Why are American jobs disappearing? Why are most of the mass-produced products that you find on Wal-Mart shelves “Made in China”?

The answer doesn’t exactly take an economist to figure out.

China is notorious for low wages, which is the reason many companies resort to sending work overseas.

Despite the costs of shipping products from China, appallingly cheap wages allow the Chinese to produce inexpensive products for today’s bargain-hungry consumers.

Recently, China decided to lend a “helping” hand to its poverty-stricken citizens by raising its poverty threshold, a move that made 100 million Chinese citizens qualify as “poor”, allowing them to receive assistance from the government.

While such a move may allow China propagandists to tout a growing China economy leading to economic improvements for her people, upon closer examination the reality paints a much different picture.




Poverty in China

Previously, to qualify as poor, rural Chinese people could not earn more than 1196 yuan ($187) per year per person.
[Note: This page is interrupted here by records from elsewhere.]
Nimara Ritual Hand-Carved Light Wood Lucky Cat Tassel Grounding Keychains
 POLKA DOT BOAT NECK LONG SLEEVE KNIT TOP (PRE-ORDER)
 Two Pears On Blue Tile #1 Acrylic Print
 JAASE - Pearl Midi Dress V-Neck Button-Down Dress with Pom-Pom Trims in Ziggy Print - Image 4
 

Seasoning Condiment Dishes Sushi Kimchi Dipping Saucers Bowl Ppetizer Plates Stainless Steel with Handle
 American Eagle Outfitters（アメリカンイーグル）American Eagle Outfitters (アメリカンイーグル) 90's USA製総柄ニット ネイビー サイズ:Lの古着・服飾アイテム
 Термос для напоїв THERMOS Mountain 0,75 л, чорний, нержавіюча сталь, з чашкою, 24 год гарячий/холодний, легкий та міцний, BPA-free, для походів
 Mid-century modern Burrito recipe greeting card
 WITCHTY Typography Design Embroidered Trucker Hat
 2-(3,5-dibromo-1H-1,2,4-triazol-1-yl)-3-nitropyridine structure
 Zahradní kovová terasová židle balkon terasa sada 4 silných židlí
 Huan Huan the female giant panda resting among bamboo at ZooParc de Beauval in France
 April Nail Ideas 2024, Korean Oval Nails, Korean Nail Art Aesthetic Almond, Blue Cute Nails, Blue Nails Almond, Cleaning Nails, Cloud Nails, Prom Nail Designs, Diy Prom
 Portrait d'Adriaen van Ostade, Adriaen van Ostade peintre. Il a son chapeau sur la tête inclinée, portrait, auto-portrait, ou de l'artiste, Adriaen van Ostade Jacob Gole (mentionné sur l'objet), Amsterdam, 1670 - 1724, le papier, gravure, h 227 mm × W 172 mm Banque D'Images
That line has now been set at 2300 yuan ($361) per person each year. You read that right – each year.

While this is a “huge” increase of 92 percent allows pro-government propagandists to preach that Chinese wealth is being fairly distributed, it is still difficult to imagine living on such horrid wages in the U.S.

This means that there is no competition when it comes to setting minimum wages in China, when compared to the minimum wage in Western nations. When a Chinese citizen only needs to earn $361 in an entire year in order to “rise above” the set poverty line – the need to pay fair wages is not that pressing for companies in China.

made in china

Wages in China

With that said, some areas of China have seen a steady wage increases over the last several years, including the wage of migrant workers. (4)

While this would seem like good news, it is only good if workers are actually paid for the work they do. Even though it is illegal to withhold wages if a company has the means to pay, many companies in China are still refusing to do so.

This is especially true if the workers are migrant workers who are viewed as less important than Chinese residents.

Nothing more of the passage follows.